● **TASK INSTRUCTIONS**
Retype the lines from the one containing "Ankara Metalcisi Geniş Yaka Tişört" through the last line of the entries below, exactly and in full, omitting every image.

● **DATA**
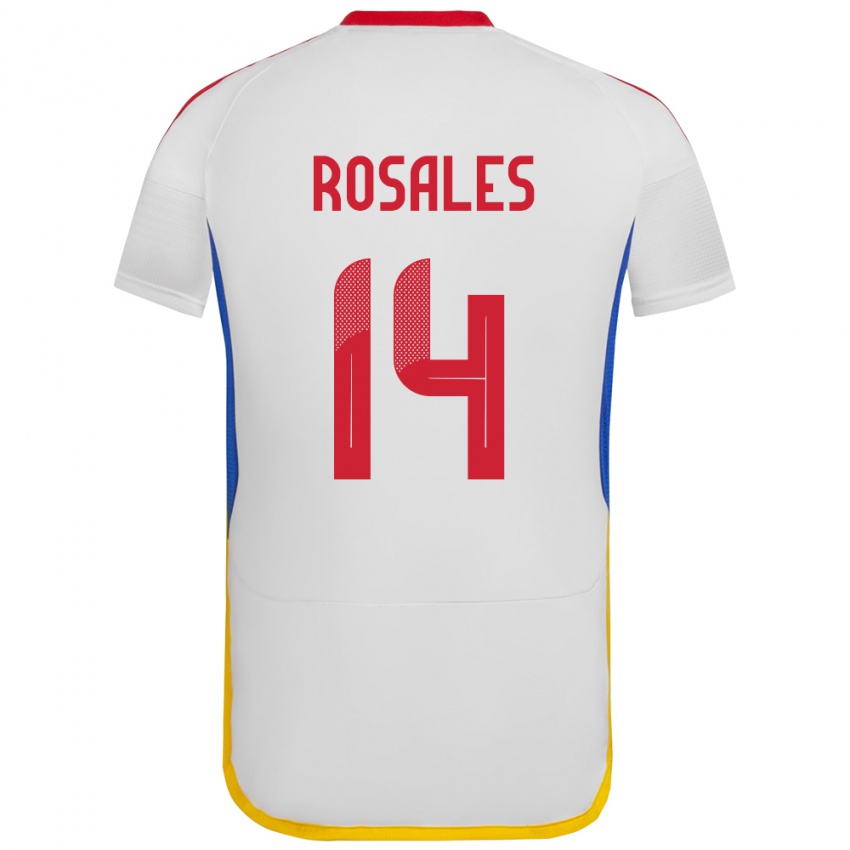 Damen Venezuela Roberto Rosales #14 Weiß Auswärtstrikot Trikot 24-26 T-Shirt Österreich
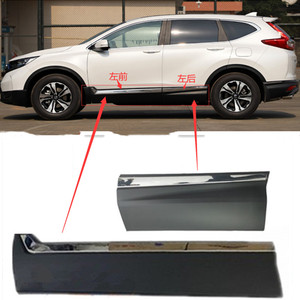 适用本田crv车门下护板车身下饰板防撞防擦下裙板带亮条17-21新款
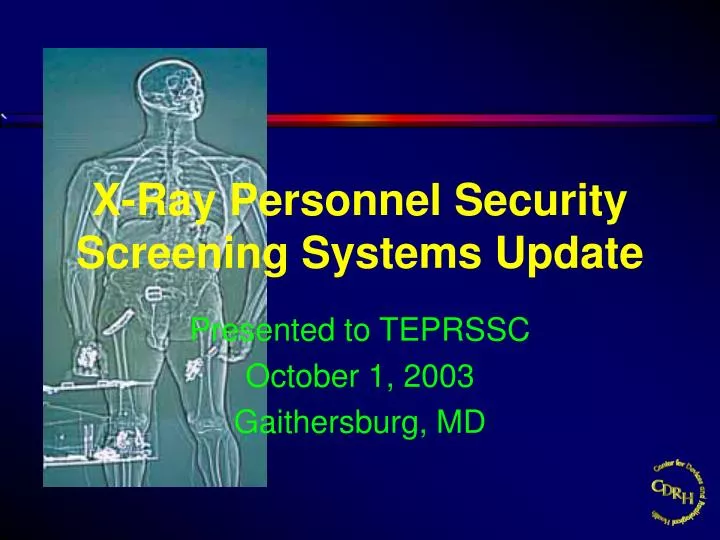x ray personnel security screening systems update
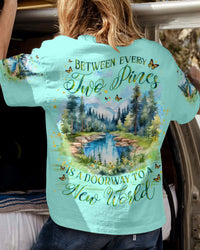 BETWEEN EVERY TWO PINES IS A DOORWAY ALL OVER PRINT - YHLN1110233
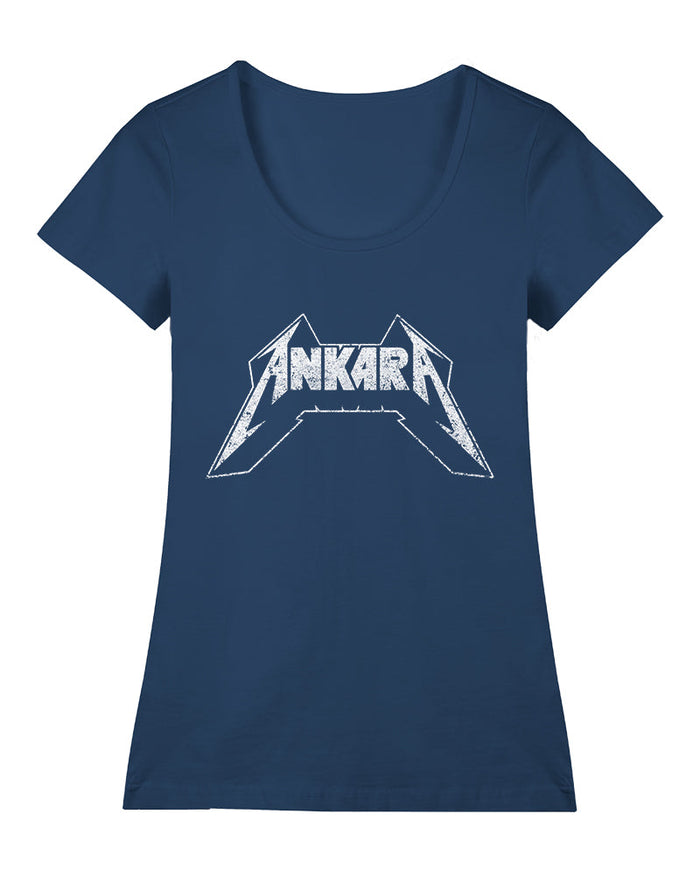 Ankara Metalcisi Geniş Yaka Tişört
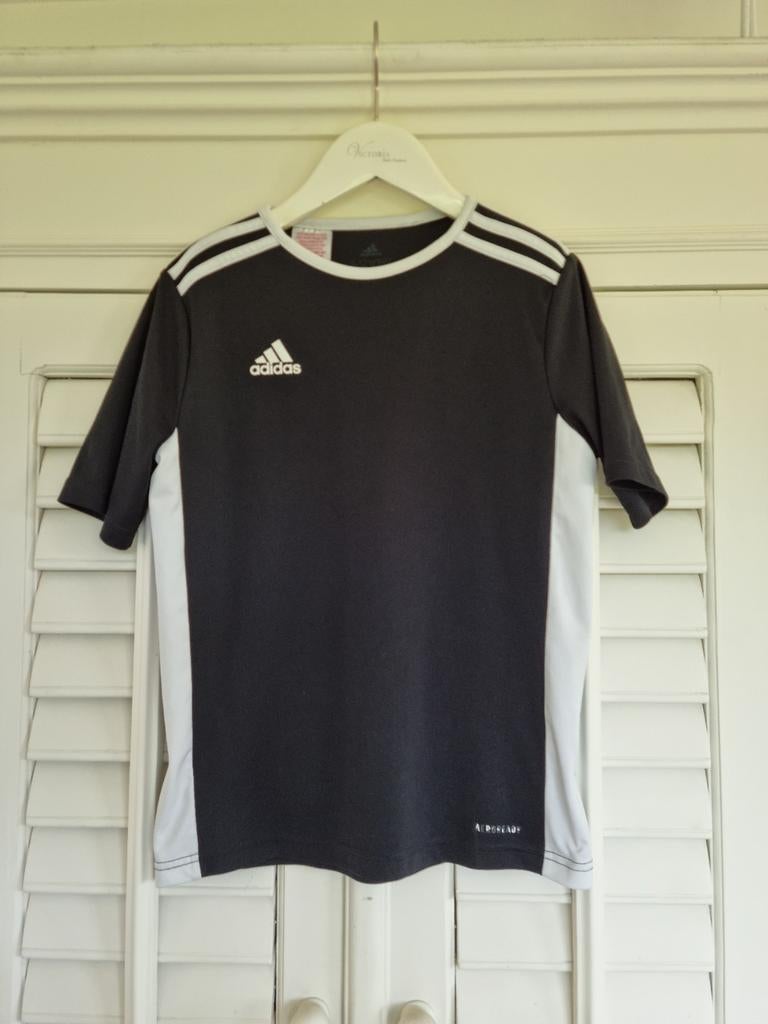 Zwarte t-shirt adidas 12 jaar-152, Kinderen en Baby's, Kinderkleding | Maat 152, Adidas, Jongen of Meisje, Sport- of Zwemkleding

● **EXERCISE ANSWER**
 Ankara Metalcisi Geniş Yaka Tişört
 Zwarte t-shirt adidas 12 jaar-152, Kinderen en Baby's, Kinderkleding | Maat 152, Adidas, Jongen of Meisje, Sport- of Zwemkleding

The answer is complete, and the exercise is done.